Some relative habitat specialists nevertheless coexist with such generalists in these environments. Numerous taxa were detected with low occupancies and abundances, several of which bloomed under favourable conditions, most notably MBNT15. The manipulative incubation experiments confirmed that these inferred specialists only became enriched under more stable conditions (light oxic for aerobes, dark anoxic for anaerobes). Most notably, Desulfobacterales were the most abundant order in deep sediments at certain sampling times and during prolonged dark anoxic incubations, reflecting that sulfate-reducing bacteria thrive in stable hydrogen- and sulfate-rich environments. These taxa and other anaerobic specialists nevertheless exhibited sharp variations in relative abundance across the sampling dates, as well as significant declines under oxic and disturbed incubations. In line with ecological paradigms, this suggests that such specialists are highly sensitive to the disturbances that define the mixing zone and occasionally affect deeper sands, whereas the generalists that they coexist with are more adaptable. More data is required across various spatial and temporal scales to ultimately understand the physicochemical pressures and biological interactions that drive these differences. However, it is probable that oxygen availability is the most significant factor that regulates composition, for example through causing poisoning or promoting outcompetition by generalists better adapted to these conditions38.
In turn, our study lends strong support to the hypothesis that microbial habitat generalists and specialists have distinct metabolic capabilities. Based on the reconstructed genomes, the generalists in the community are predicted to be extremely metabolically flexible. Most notably, the Woeseiaceae that dominate these sands are among the most flexible microorganisms ever described, given they are predicted to use wide spectrum of electron donors (organic carbon, sulfide, hydrogen), oxidants (oxygen, nitrite, fumarate, sulfur, fermentation), and based on previous analysis21, carbon sources (heterotrophy, autotrophy). Flavobacteriaceae have similar metabolic breadth, likely underlying their expansion in response to disturbance. By contrast, relative habitat specialists from the Desulfobacterales and Desulfobulbales are distinguished by their capacity to the use the abundant electron acceptor sulfate, but also their inability to grow by aerobic respiration. These bacteria possess some metabolic flexibility, likely explaining why these orders were detected in low levels even in most surface sediments and oxygenated slurries; indeed, habitat generalism and metabolic flexibility alike should be considered as continuous traits. However, such obligate anaerobes are outcompeted by facultative anaerobes under disturbed conditions.
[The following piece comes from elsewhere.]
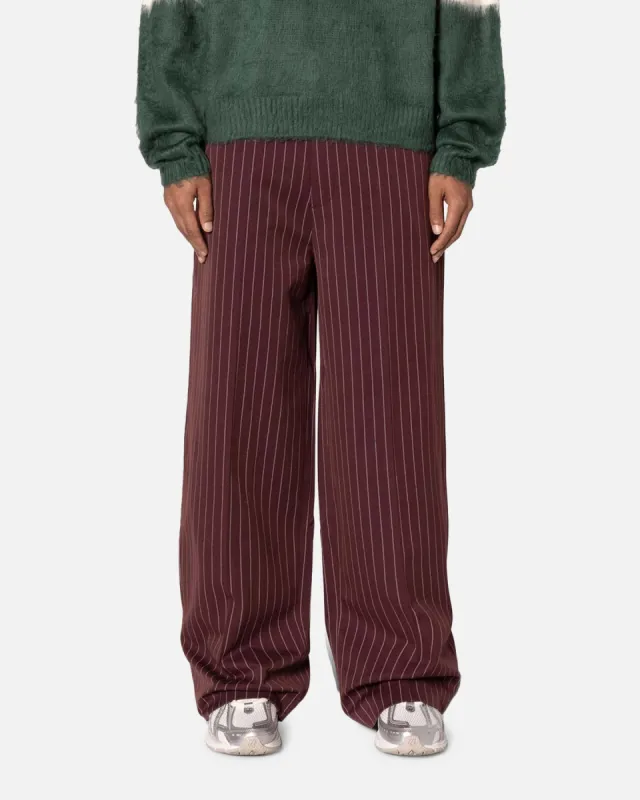 MNML Wide Leg Trouser Pants Red sold by Culture Kings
These inferred differences were strongly supported by biogeochemical assays showing that, whereas sulfate reduction is limited to sediments under prolonged anoxia, metabolic traits associated with generalists are active through sediment zones. Further culture-dependent and culture-independent work, however, is required to comprehensively understand the metabolic capabilities of permeable sediment bacteria and their responses to environmental changes.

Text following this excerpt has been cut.